Instructions to follow: For the entries below, the expected answer is the line with "Стол-приставка Style Project", the line with "Download Lagu Cerydra", and every line between them, exactly as written, and nothing more.

Data extract:
---------------

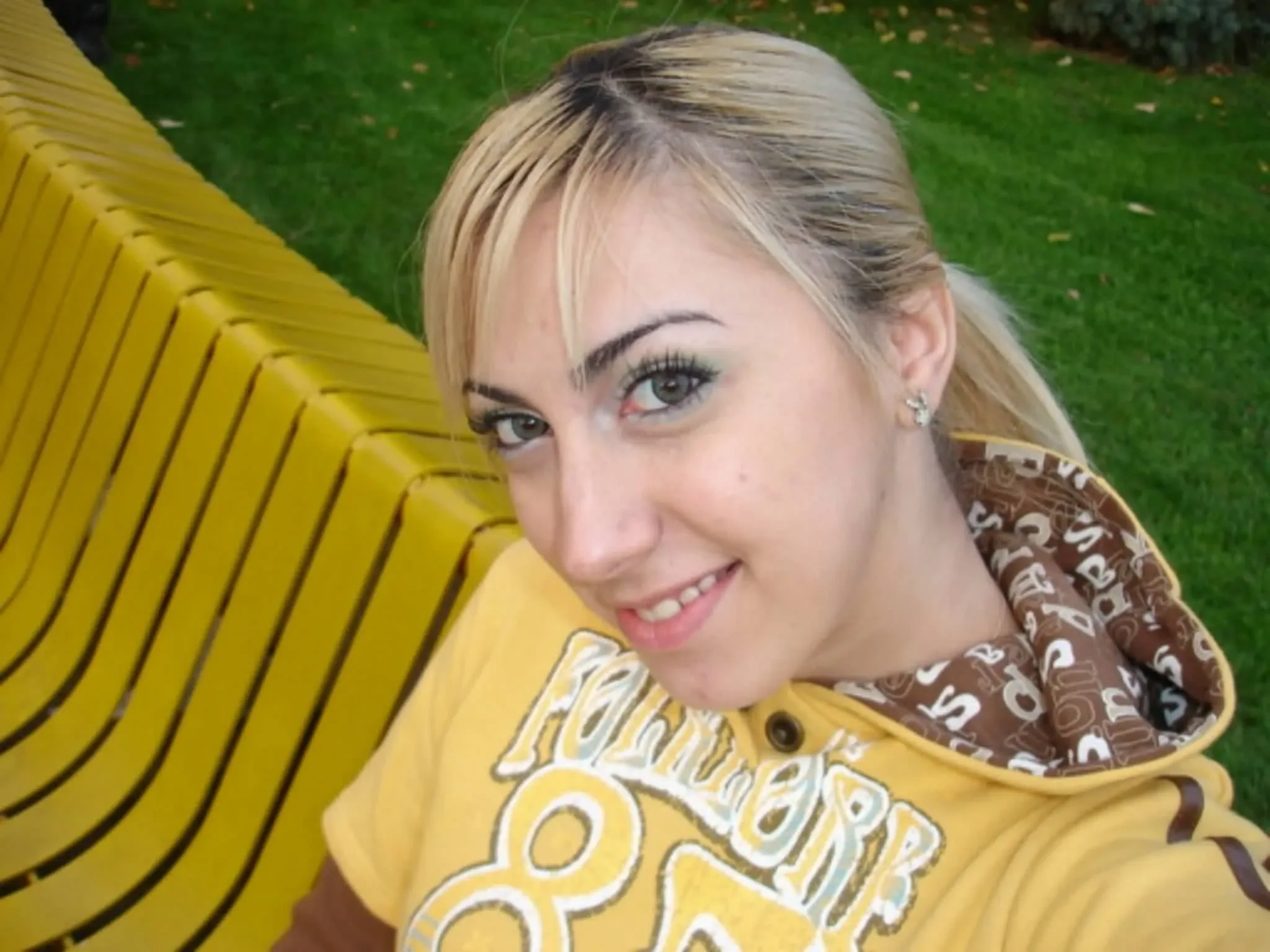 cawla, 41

---------------

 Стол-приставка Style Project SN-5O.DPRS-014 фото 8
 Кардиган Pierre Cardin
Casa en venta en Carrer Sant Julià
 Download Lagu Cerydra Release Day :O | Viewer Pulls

---------------

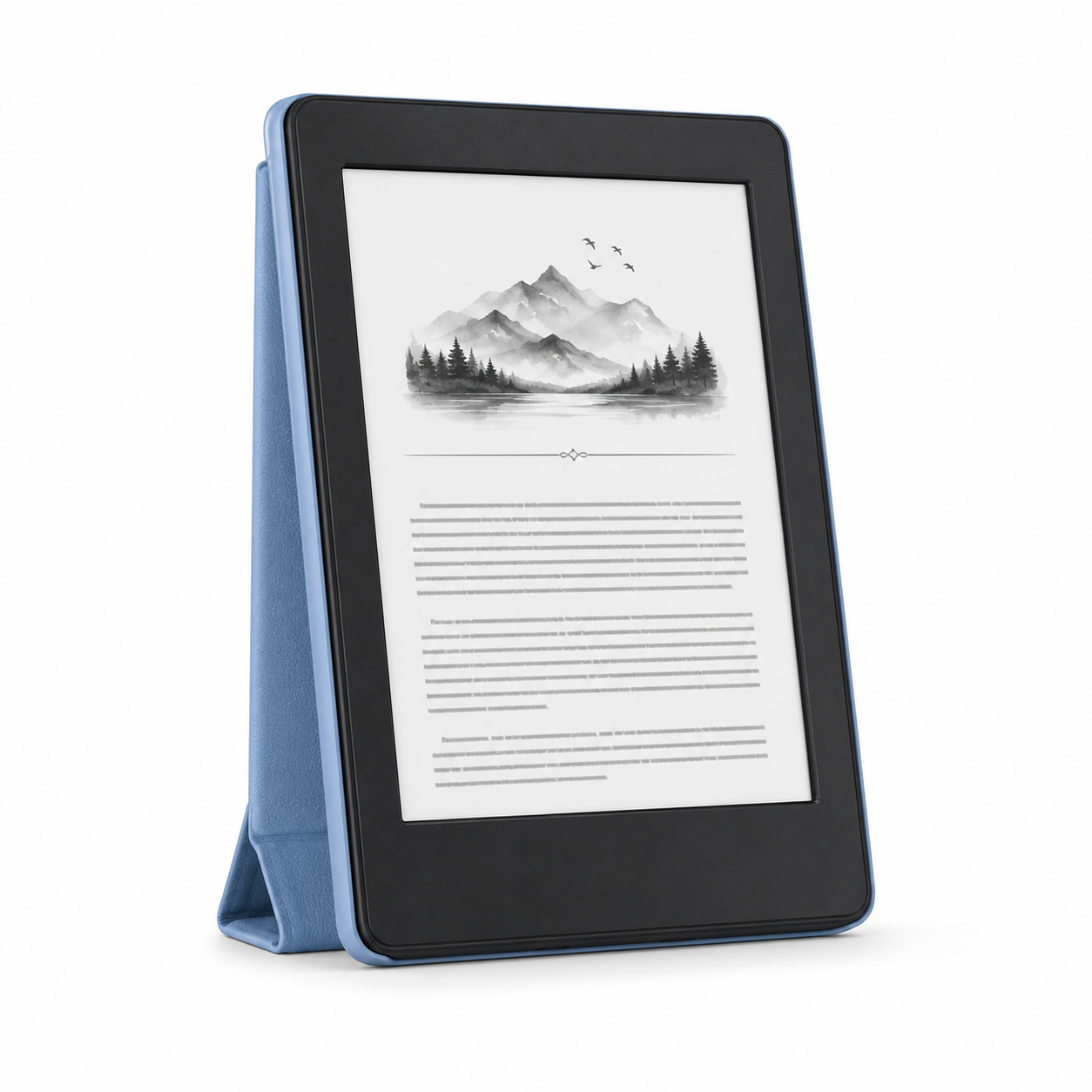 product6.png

---------------

Reply to the task:
 Стол-приставка Style Project SN-5O.DPRS-014 фото 8
 Кардиган Pierre Cardin
Casa en venta en Carrer Sant Julià
 Download Lagu Cerydra Release Day :O | Viewer Pulls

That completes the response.